Self-piercing rivets are semitubular and made of hardened steel. They are often used to join two thin sheets of metal or other materials. A driver punches the rivet and sheet metal into a die, causing the rivet to pierce the top layer and displace the bottom layer into a pocket in the anvil. This creates a button shape similar to clinching.
One big advantage of self-piercing rivets is they do not require a pre-drilled clearance hole, saving time and a process. However, with the absence of a hole, applications may require external fixturing to align the parts. Self-piercing rivets also offer the flexibility of shifting the rivet location during assembly, although they are not recommended for hard or thick metals.
Wright says that the popularity of impact riveting has been consistent for many years, and he foresees it staying that way in the future.

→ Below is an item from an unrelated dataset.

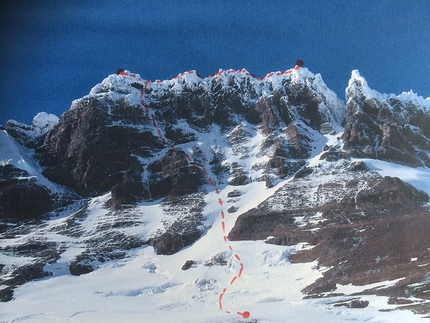 Cerro Marconi Sur, Patagonia, Markus Pucher - Into the Wild (800m, M5) sulla parete ovest di Cerro Marconi Sur, Patagonia salita da Markus Pucher il 16/04/2015.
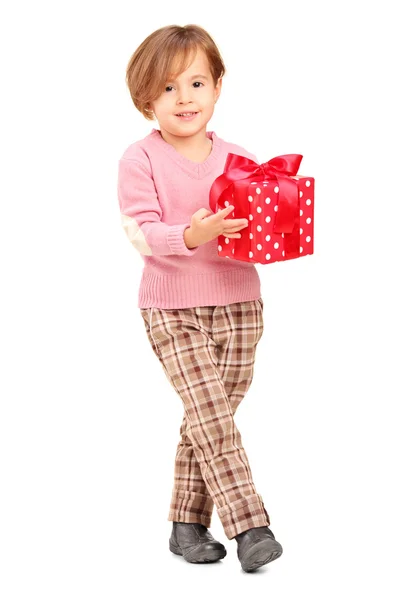 Sonriente niño sosteniendo regalo — Foto de Stock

He cites two reasons for this: The process is fast and simple, and the machines are robust, operator friendly and require minimal maintenance.

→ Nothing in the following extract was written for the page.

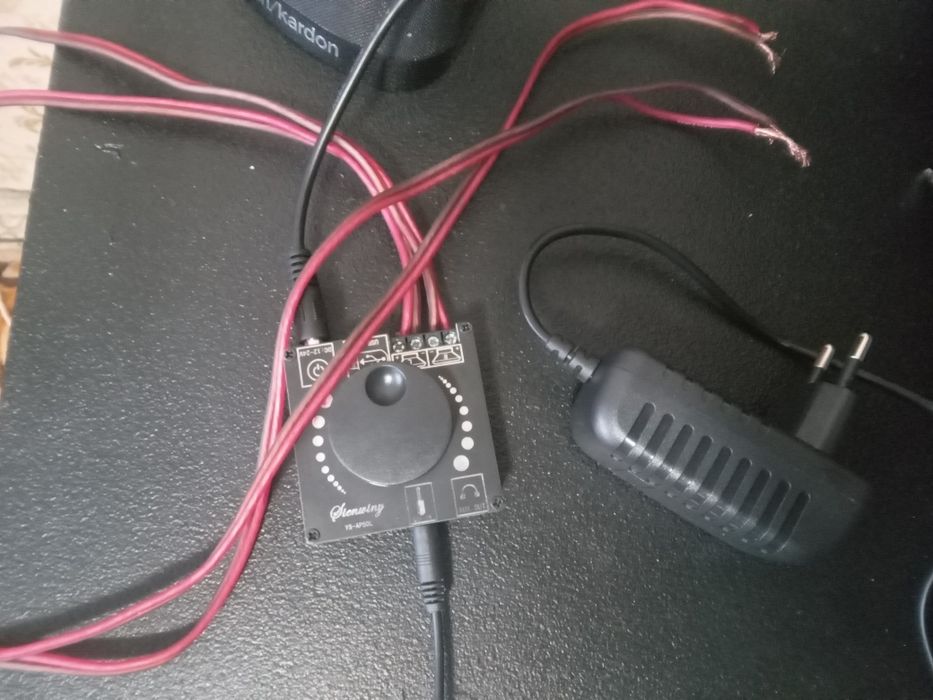 Аудио усилитель  компактный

In recent years, as end-users have placed a greater emphasis on safety, suppliers have responded in kind. Most models now feature a safety probe, which has a small-diameter tube configured in a halo. This halo moves from the ram to the part to detect no interference prior to the ram advancing during the forming process.
Although the standard probe is OSHA approved, it can limit throughput by making it difficult to load the components being assembled, notes Wright. Aware of this, Orbitform developed a robust pneumatic safety probe in 2015 that is shorter and mounted next to the ram. It allows maximum load clearance and helps increase throughput. The probe is offered as an option, although Wright says the company strongly recommends that its customers use a safety probe on every machine to satisfy OSHA
NRM makes standard and custom impact riveting machines, as well as a complete range of rivets. Klapperich says NRM’s custom machines can be quite complex and, increasingly, they feature force sensors and inspection cameras to ensure top-notch assemblies. He also emphasizes the importance of using high-quality rivets that truly meet the performance demands of each specific product.
“Nearly 95 percent of the rivets we produce are custom made,” notes Klapperich. “After the manufacturer provides us part-design prints with the material stack height and required hole size, we determine the proper rivet for the application—including its shank design, metal type, length, diameter and if it needs plating.”